* _ASSIGNMENT_:
The entries that follow must be written out exactly, without any of the pictures they contain.

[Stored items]
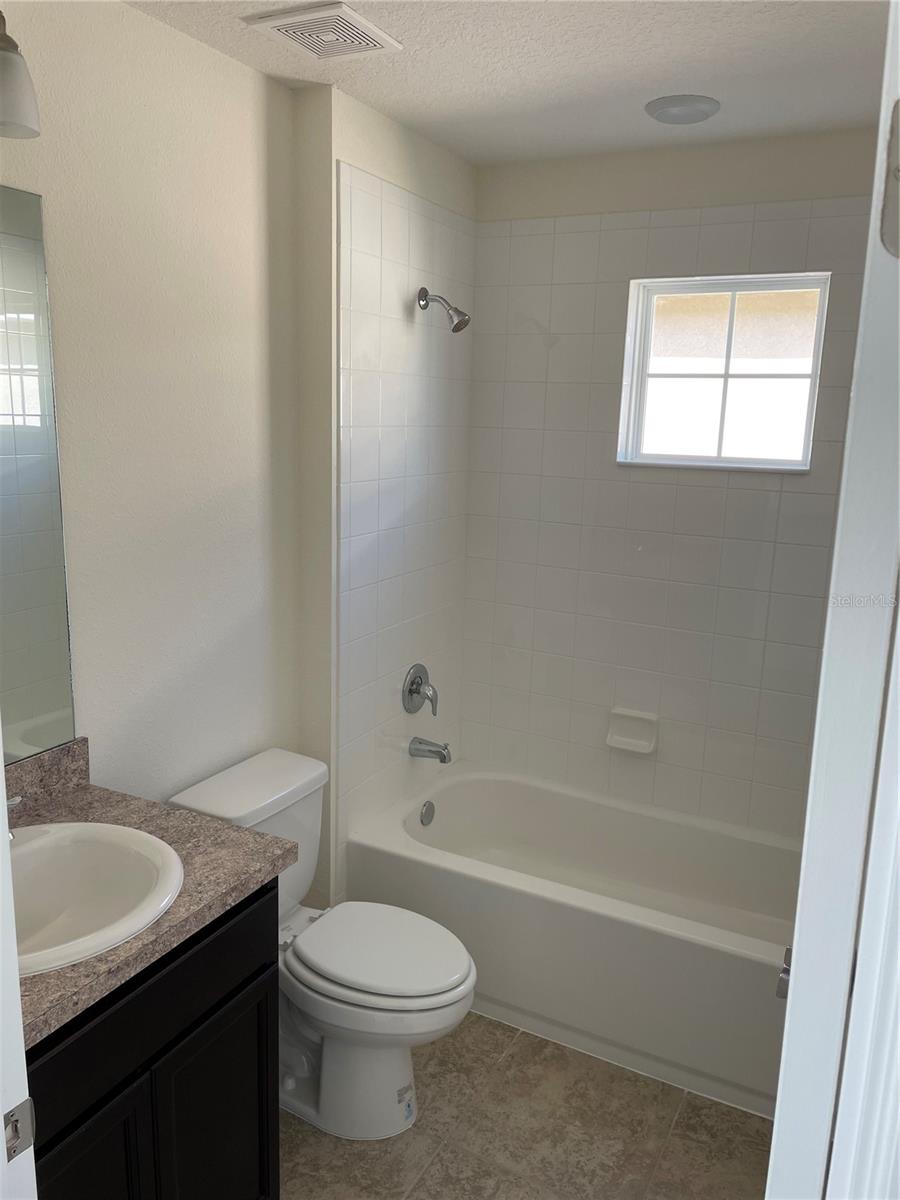 Image 13 of 20 For 181 Holly Village Drive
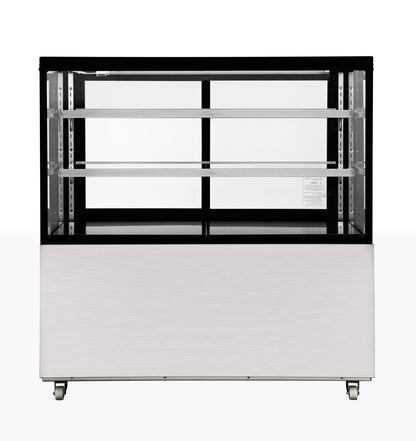 150cm Cake Display Fridge - 530L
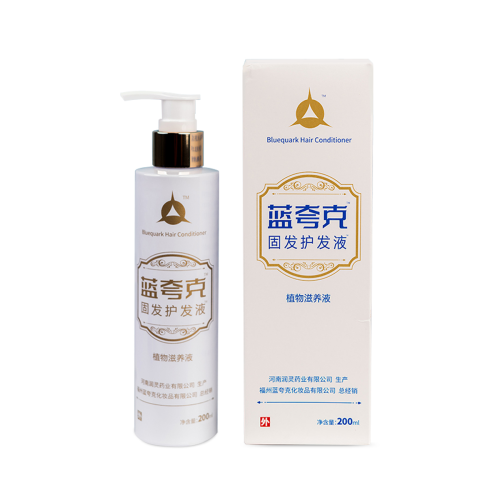 692460210dbde 692460210dbde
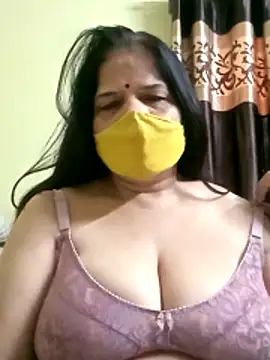 IndianAngle online show from 23, 11, 2025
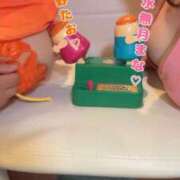 ヒメ日記 2026/05/30 08:15 投稿 水無月　まな エテルナ京都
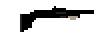 [01713d] Shotgun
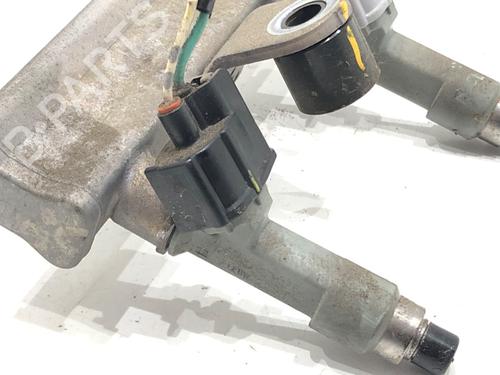 Injection rail TOYOTA AYGO (_B4_) 1.0 (KGB40) | BP39288332M98 - Image 3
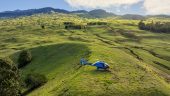 If You’re Going to Splurge on One Maui Experience, Make It This One 🚁🌈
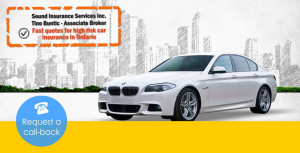 Cheap Homeowners Insurance Quotes California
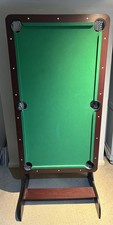 5ft foldable pool for sale  FAVERSHAM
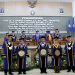 Tiga Guru Besar UNDIP Memaparkan Pemikiran Tentang Lingkungan, Pengolahan Sampah dan H-Index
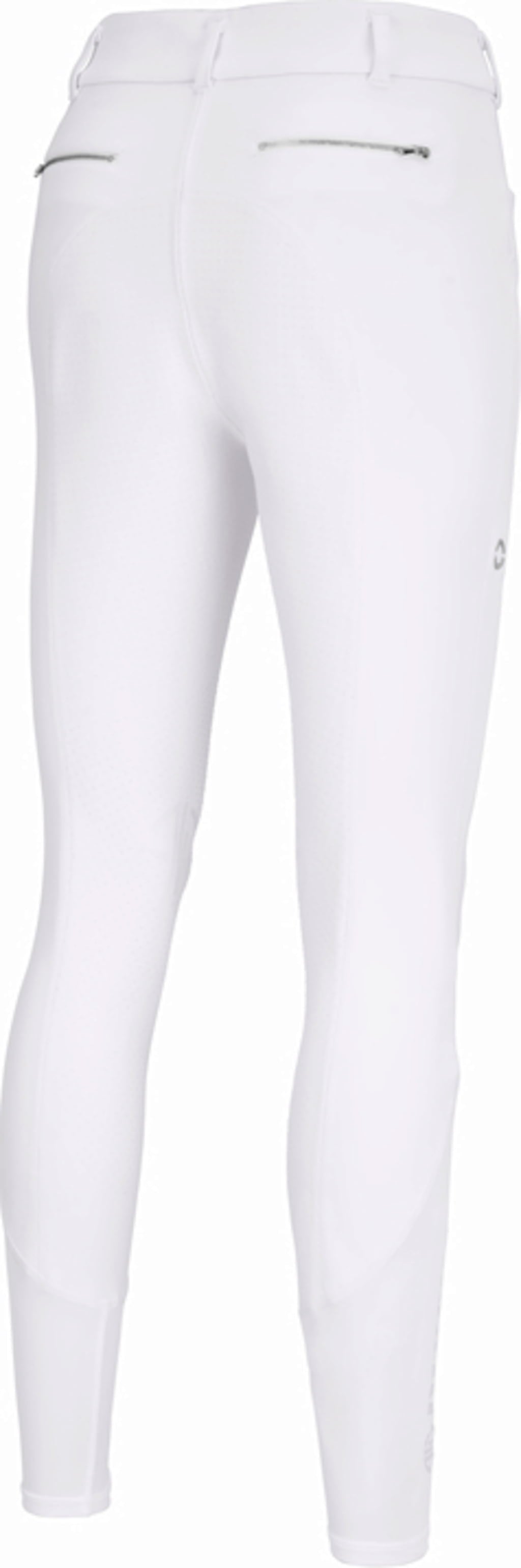 Pikeur Camie SD Midwaist Breeches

* _ANSWER BOX_:
 Image 13 of 20 For 181 Holly Village Drive
 150cm Cake Display Fridge - 530L
 692460210dbde 692460210dbde
 IndianAngle online show from 23, 11, 2025
 ヒメ日記 2026/05/30 08:15 投稿 水無月　まな エテルナ京都
 [01713d] Shotgun
 Injection rail TOYOTA AYGO (_B4_) 1.0 (KGB40) | BP39288332M98 - Image 3
 If You’re Going to Splurge on One Maui Experience, Make It This One 🚁🌈
 Cheap Homeowners Insurance Quotes California
 5ft foldable pool for sale  FAVERSHAM
 Tiga Guru Besar UNDIP Memaparkan Pemikiran Tentang Lingkungan, Pengolahan Sampah dan H-Index
 Pikeur Camie SD Midwaist Breeches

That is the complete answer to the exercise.